[Start of Attachment]
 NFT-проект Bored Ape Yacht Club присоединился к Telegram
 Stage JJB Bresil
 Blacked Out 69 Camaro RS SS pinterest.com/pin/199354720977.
[End of Attachment]
● **Task goal**:
Your answer should be the data above, retyped in full and unaltered.

● **Expected output**:
 NFT-проект Bored Ape Yacht Club присоединился к Telegram
 Stage JJB Bresil
 Blacked Out 69 Camaro RS SS pinterest.com/pin/199354720977.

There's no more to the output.